O movimento sindical deve aceitar o precariado e tentar entender suas insatisfações auxiliando, através dos veículos de comunicação sindical e ações políticas, essa parte da classe trabalhadora a encontrar sua voz, bem como encontrar o sentimento de pertença junto ao proletariado. Costumo afirmar que é preciso carinho, paciência e toda uma postura de diálogo que faz parte do processo de uma boa comunicação. O dirigente sindical deve preencher esse sentimento de vazio, levando segurança onde existe insegurança, solidariedade onde existe indiferença, substituindo aos poucos o desejo pelo consumo e ideias da burguesia pelo desejo de estar entre os seus.

Não é tarefa fácil. Entendam: o papel do dirigente sindical é incomodar. Nós estamos dizendo para toda classe trabalhadora que ela não vai se aposentar enquanto os que estão retirando seus direitos estão dizendo que tudo vai ficar bem se eles aceitarem o que acontece. O dirigente não: ele está dizendo que não vai ficar bem, que não vai melhorar, que só melhora se nos despirmos dessa ideologia promovida pelo capital e lutarmos contra a opressão.
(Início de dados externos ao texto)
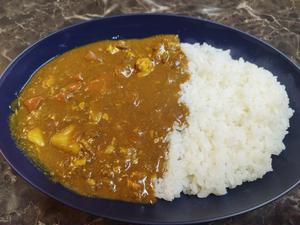 赤い月のカレーライス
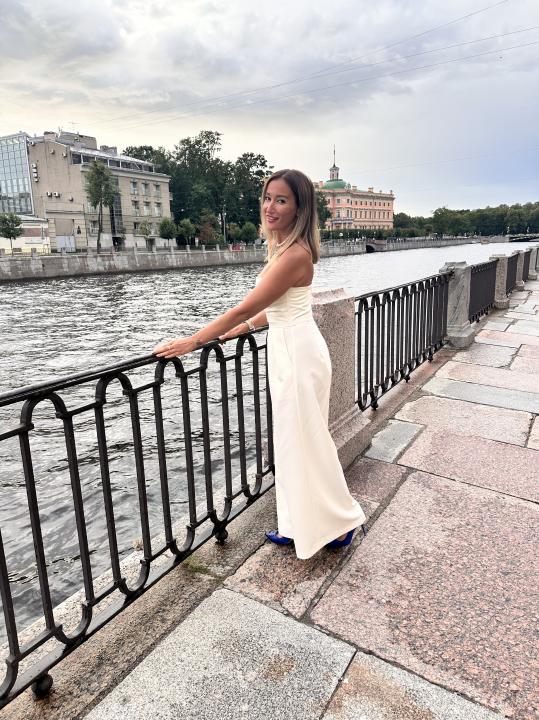 Webcam chat profile for Alorisse: Art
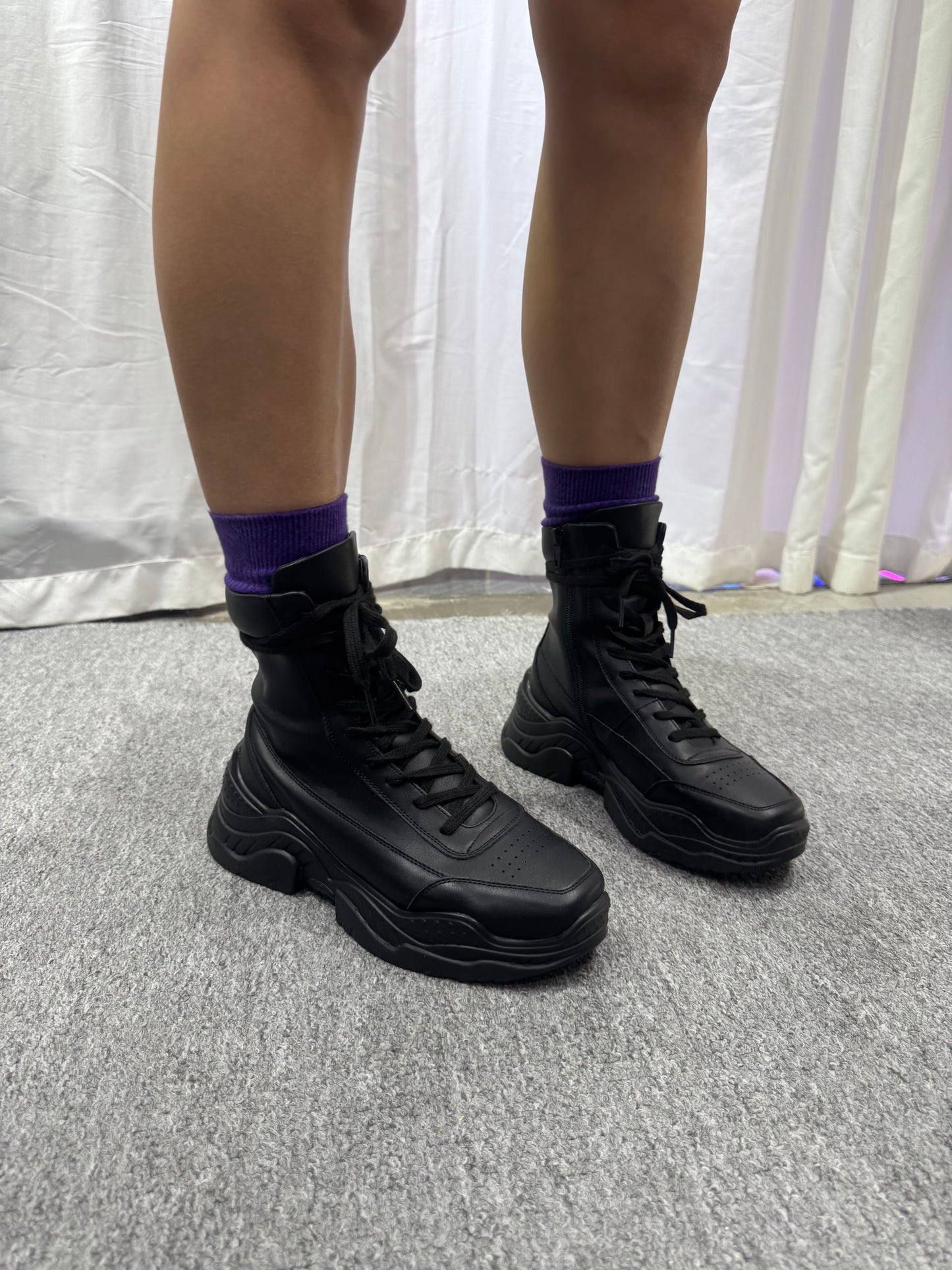 波鞋短boot又似波鞋又係短boot😂(足碼）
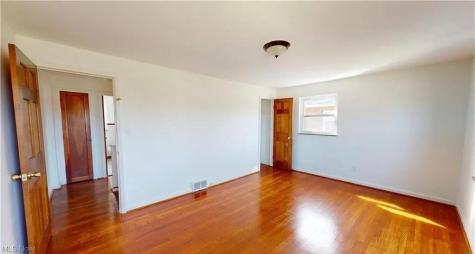 20460 Lakeshore Boulevard Euclid OH 44123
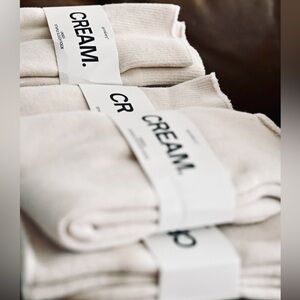 Unisex Premium Qomfort Cream Slouch Sock Bundle in Med. | 4 Pair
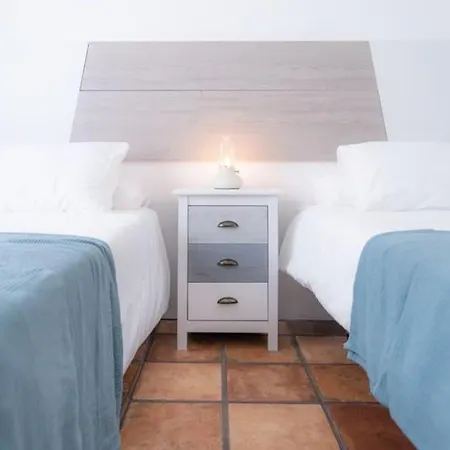 Prázdninový dům Cocomar I- Luxurious With Pool Near The Sea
Isso é muito trabalhoso, ainda mais para o precariado, que todo tempo deve se preocupar em se manter estável no mercado de trabalho, aceitando assim a abertura de qualquer direito.

Essas pessoas estão exaustas, precisam de soluções fáceis, como afirma Zizêk, no filme “Guia pervertido da ideologia”: um inimigo único. Como o judeu para os nazistas, a mãe solteira inglesa na década de 1980 para o primeiro-ministro John Major e o PT para o precariado e a elite em 2015.

Cabe ao dirigente sindical desconstruir esse discurso apresentando os reais inimigos da classe trabalhadora.


*Marina Valente é jornalista sindical.